# Required action
Every record must be written out once more, with nothing added or omitted.

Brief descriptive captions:
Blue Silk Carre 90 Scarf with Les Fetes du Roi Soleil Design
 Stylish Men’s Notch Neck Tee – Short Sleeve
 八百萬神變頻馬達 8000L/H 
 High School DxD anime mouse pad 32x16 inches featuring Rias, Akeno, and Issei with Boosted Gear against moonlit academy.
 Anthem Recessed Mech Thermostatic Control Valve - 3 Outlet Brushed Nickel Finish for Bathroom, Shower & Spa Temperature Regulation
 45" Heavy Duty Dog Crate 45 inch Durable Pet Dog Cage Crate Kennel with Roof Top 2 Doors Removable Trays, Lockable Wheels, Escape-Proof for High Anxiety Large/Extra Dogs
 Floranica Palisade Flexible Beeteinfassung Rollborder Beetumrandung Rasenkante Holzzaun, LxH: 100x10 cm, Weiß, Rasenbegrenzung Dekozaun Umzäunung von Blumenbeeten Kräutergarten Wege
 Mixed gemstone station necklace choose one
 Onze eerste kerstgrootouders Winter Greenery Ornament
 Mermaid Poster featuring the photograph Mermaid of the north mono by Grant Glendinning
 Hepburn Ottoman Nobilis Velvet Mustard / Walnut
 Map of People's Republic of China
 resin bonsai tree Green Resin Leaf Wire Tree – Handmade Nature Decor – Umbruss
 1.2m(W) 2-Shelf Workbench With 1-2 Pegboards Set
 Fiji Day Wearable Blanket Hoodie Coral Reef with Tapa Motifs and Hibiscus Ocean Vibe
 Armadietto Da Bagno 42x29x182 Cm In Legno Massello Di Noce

# Task solution
Blue Silk Carre 90 Scarf with Les Fetes du Roi Soleil Design
 Stylish Men’s Notch Neck Tee – Short Sleeve
 八百萬神變頻馬達 8000L/H 
 High School DxD anime mouse pad 32x16 inches featuring Rias, Akeno, and Issei with Boosted Gear against moonlit academy.
 Anthem Recessed Mech Thermostatic Control Valve - 3 Outlet Brushed Nickel Finish for Bathroom, Shower & Spa Temperature Regulation
 45" Heavy Duty Dog Crate 45 inch Durable Pet Dog Cage Crate Kennel with Roof Top 2 Doors Removable Trays, Lockable Wheels, Escape-Proof for High Anxiety Large/Extra Dogs
 Floranica Palisade Flexible Beeteinfassung Rollborder Beetumrandung Rasenkante Holzzaun, LxH: 100x10 cm, Weiß, Rasenbegrenzung Dekozaun Umzäunung von Blumenbeeten Kräutergarten Wege
 Mixed gemstone station necklace choose one
 Onze eerste kerstgrootouders Winter Greenery Ornament
 Mermaid Poster featuring the photograph Mermaid of the north mono by Grant Glendinning
 Hepburn Ottoman Nobilis Velvet Mustard / Walnut
 Map of People's Republic of China
 resin bonsai tree Green Resin Leaf Wire Tree – Handmade Nature Decor – Umbruss
 1.2m(W) 2-Shelf Workbench With 1-2 Pegboards Set
 Fiji Day Wearable Blanket Hoodie Coral Reef with Tapa Motifs and Hibiscus Ocean Vibe
 Armadietto Da Bagno 42x29x182 Cm In Legno Massello Di Noce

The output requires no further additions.